* [Exercise aim]
Exactly as written, please repeat the data that follows, but not the pictures.

* [Given material]
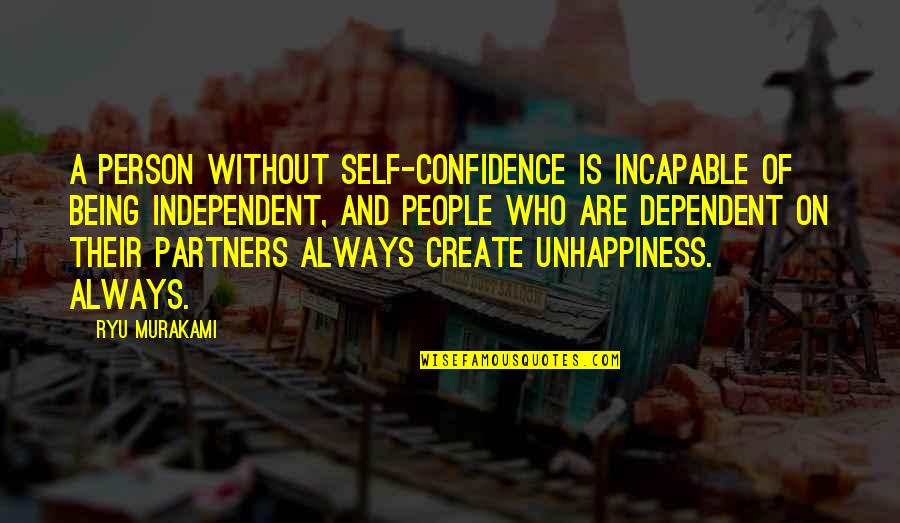 Self Dependent Quotes By Ryu Murakami: A person without self-confidence is incapable of being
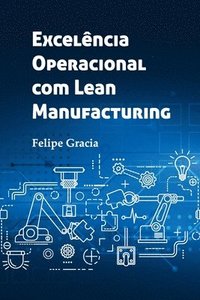 bokomslag Excelncia Operacional com Lean Manufacturing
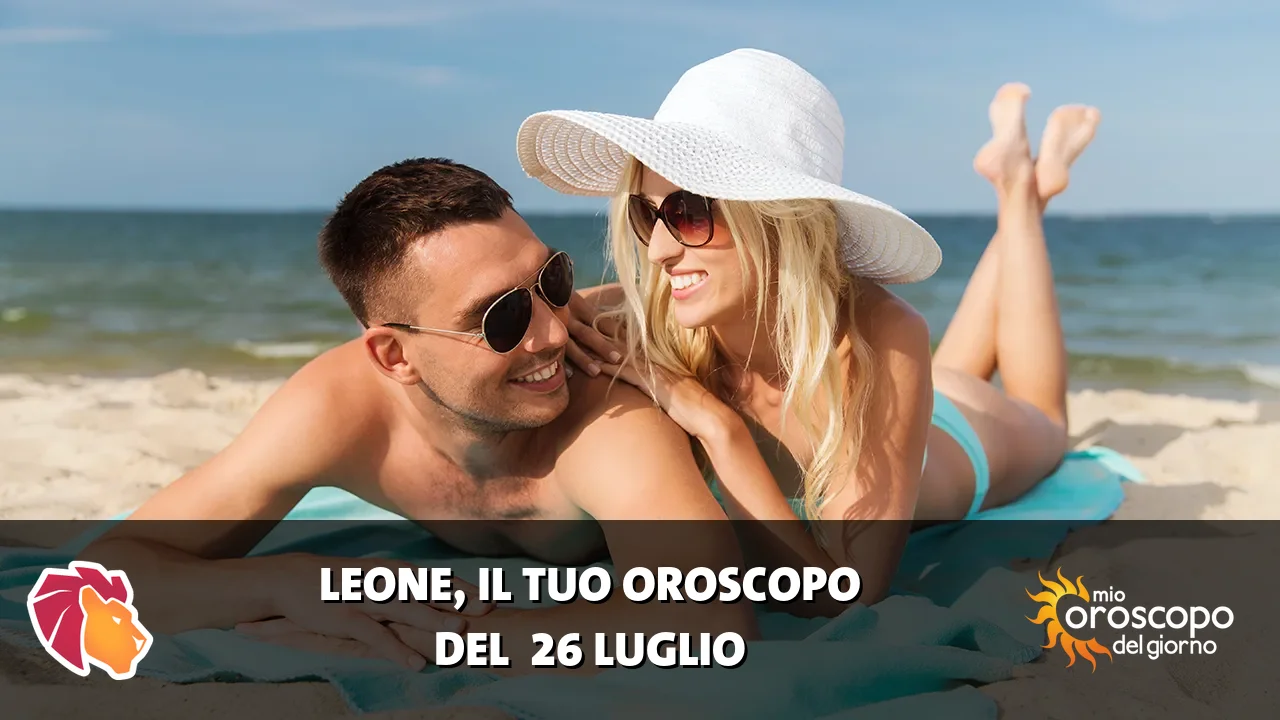 Oroscopo del Leone du domenica 26 luglio 2026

* [Reply to the task]
 Self Dependent Quotes By Ryu Murakami: A person without self-confidence is incapable of being
 bokomslag Excelncia Operacional com Lean Manufacturing
 Oroscopo del Leone du domenica 26 luglio 2026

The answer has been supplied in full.